Zum Tag der offenen Tür am Samstag ist auch Ulrich Cremer eingeladen. Der Sohn des Firmengründers, der als Kind in den Gebäuden in der Altstadt spielte, hat Plakate mit Fotos und erläuternden Texten zur Firmenhistorie von 1920 bis zum Umzug im Jahr 2019 entworfen, die in der Mensa des Neubaus aufgestellt sind. Dort, wie im gesamten Gebäude, fühlen sich die Mitarbeiter sehr wohl. „Das Einzige, was wir manchmal vermissen, sind der Rhein und die Eisdielen“, sagt Schmitz. Der Neubau wurde im Oktober 2019 fertiggestellt und hat eine Fläche von 3812 Quadratmetern, wovon rund zwei Drittel für die Fertigung genutzt werden. „Es ist ein transparentes und modernes Gebäude geworden“, sagt Schmitz. Besonders die Abläufe im Produktionsprozess auf nur einer Ebene seien nun viel einfacher als früher in den sechs zum Teil verschachtelten Gebäuden mit vier Etagen in der Altstadt. Und auf das Eis müssen die Mitarbeiter auch jetzt nicht ganz verzichten. Firmenchef Wächter lässt die Süßspeise hin und wieder vom Eiscafé Bruno nach Oberpleis liefern.
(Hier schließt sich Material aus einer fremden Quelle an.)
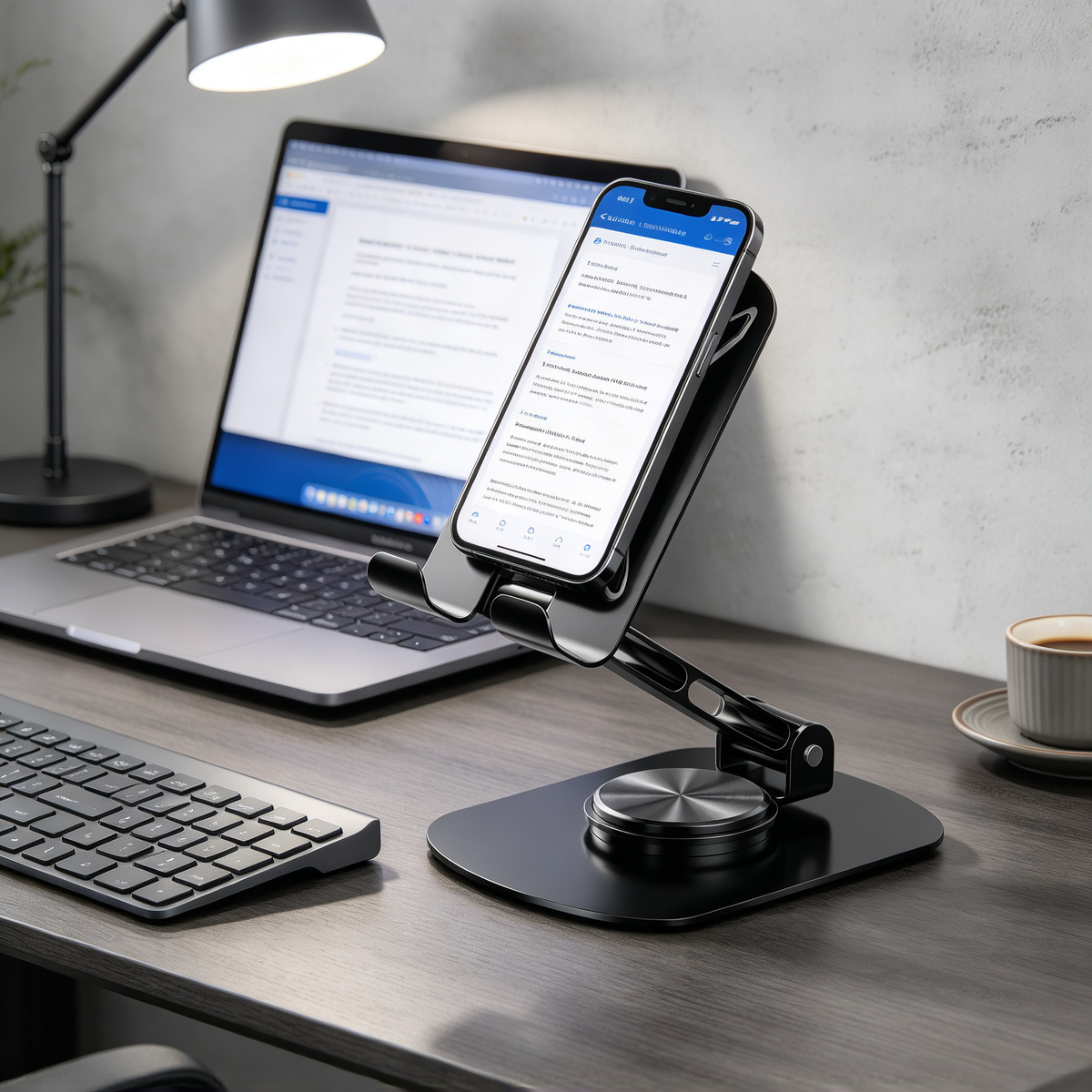 📱 Phone Stand | Aluminum Alloy | Desk Office | Professionals | 360° Rotating Design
Zera agert rund 7500 Artikel

Durch die Corona-Zeit sei sein Unternehmen auch in den vergangenen drei Jahren mit einem leichten Plus gekommen, berichtet Schmitz, weil die Einkaufsabteilung rechtzeitig Vorräte an Elektronikbauteilen gekauft habe, sodass die langen Lieferzeiten von über einem Jahr nicht zu Lieferengpässen bei den eigenen Produkten wie bei manchem Konkurrenten geführt hätten. Dafür lagerten insgesamt 7500 verschiedene Artikel mit einem Wert von rund 3,4 Millionen Euro im Unternehmen, wodurch natürlich Kapital gebunden werde – die Kehrseite der Medaille.

Der Klimaschutz liegt der Zera besonders am Herzen. Nachdem das Unternehmen in der Altstadt noch einen enormen Gasverbrauch hatte, wird der Neubau mit einer Wärmepumpe beheizt. Seit zwei Wochen ist auf dem Dach zudem eine Fotovoltaikanlage in Betrieb, die bis zu 60 Prozent des Eigenstromverbrauchs deckt. Ziel ist es, in Zukunft den eigenen Verbrauch komplett selbst zu erzeugen. Im Jahr 2022 stellte das Unternehmen den besten Azubi bei den Elektronikern im Bereich der IHK Bonn/Rhein-Sieg.

„Ich bin glücklich, dass wir heute in Oberpleis sind, auch wenn ich anfangs gegen den Umzug war, weil ich Angst vor der Investition hatte“, sagt Schmitz. Die Baukosten betrugen rund acht Millionen Euro. Am Freitag findet in einem Festzelt auf dem Firmengelände die interne Jubiläumsfeier statt, bevor am Samstag zum Abschluss der Festwoche die Bürger eingeladen sind. „Am Sonntag schlafen wir dann alle aus“, sagt Horst Wächter.